---- Materials provided

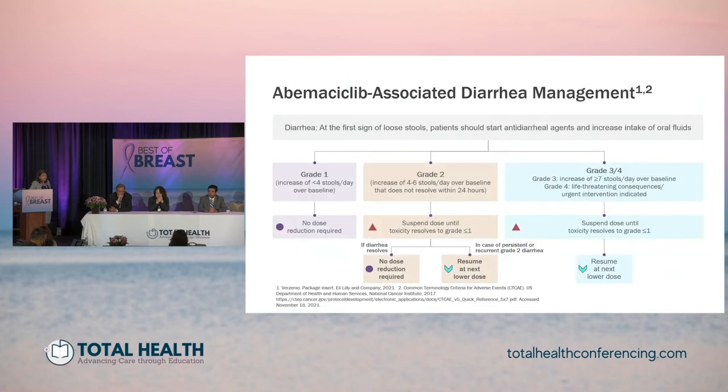In terms of how to manage diarrhea: at the first sign of loose stools, patients should start anti-diarrheal agents and increase oral intake. There are indications for dose reductions based on the grade of diarrhea and how long it takes to resolve.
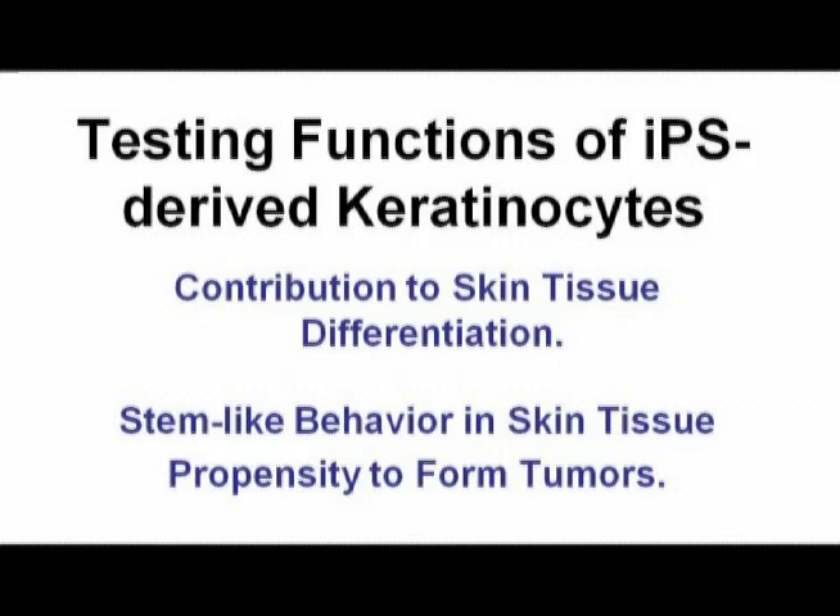What things do we need to do to test these out thoroughly? We need to make sure that they contribute to skin and differentiation in a long-term way — that they are actually really skin stem cells. We need to make sure they have stem-like behavior in skin tissue. And more importantly, for safety issues before we put them on patients, we need to make sure they don't form tumors and they don't have karyotypic abnormalities that can prevent them from working the way we want in our patients.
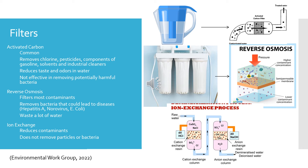There are three main water filters to know about. The activated carbon filter works by moving water through a filter where impurities like chlorine and iodine bond with the carbon, reducing taste and odors. It's commonly used in pitcher filters, refrigerators, water coolers, and treatment systems. It removes chlorine, pesticides, gasoline components, solvents, and industrial cleaners. However, it is not effective at removing potentially harmful bacteria.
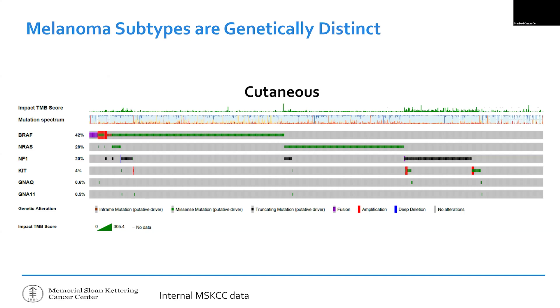These subtypes are molecularly different. Each person with a skin melanoma is shown on the vertical axis: green represents simple spelling-error mutations, black represents truncated DNA sequences, and red or blue represent copy-paste errors. In skin melanoma, there are lots of DNA spelling errors in green. The top line shows mutational burden — how many DNA mistakes exist in that tumor — and tumors with NF1 mutations tend to have very high mutational burdens.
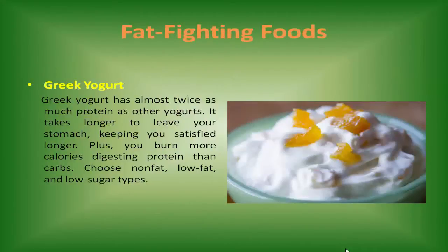Greek yogurt has almost twice as much protein as other yogurts. It takes longer to leave your stomach, keeping you satisfied longer. Plus, you burn more calories digesting protein than carbs.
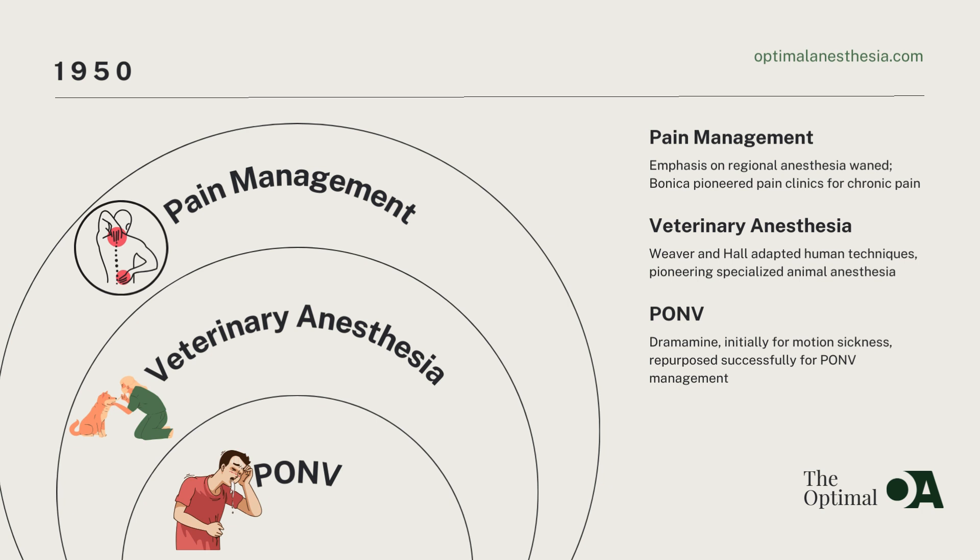The 1950s also marked a breakthrough in managing postoperative nausea and vomiting, PONV. The discovery of the antihistamine Dramamine, initially used for motion sickness, was repurposed to manage PONV effectively. This development significantly improved postoperative care, ensuring a smoother recovery for patients.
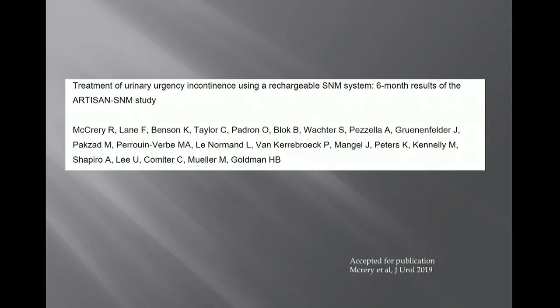This was a single-stage procedure with lead and battery implanted simultaneously. The US-based follow-up study used the same device in 129 patients with six-month follow-up, showing similar results — 90% of patients were considered therapy responders at six months with improvements in quality of life scores. Patients were very satisfied and charged the device an average of once a week for one hour.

--------

#### Work task
Treat the line with "What things do" as the start and the line with "There are three" as the end, and return exactly that span of the data above, both ends included, without pictures.

#### Solution for this exercise
What things do we need to do to test these out thoroughly? We need to make sure that they contribute to skin and differentiation in a long-term way — that they are actually really skin stem cells. We need to make sure they have stem-like behavior in skin tissue. And more importantly, for safety issues before we put them on patients, we need to make sure they don't form tumors and they don't have karyotypic abnormalities that can prevent them from working the way we want in our patients.
There are three main water filters to know about. The activated carbon filter works by moving water through a filter where impurities like chlorine and iodine bond with the carbon, reducing taste and odors. It's commonly used in pitcher filters, refrigerators, water coolers, and treatment systems. It removes chlorine, pesticides, gasoline components, solvents, and industrial cleaners. However, it is not effective at removing potentially harmful bacteria.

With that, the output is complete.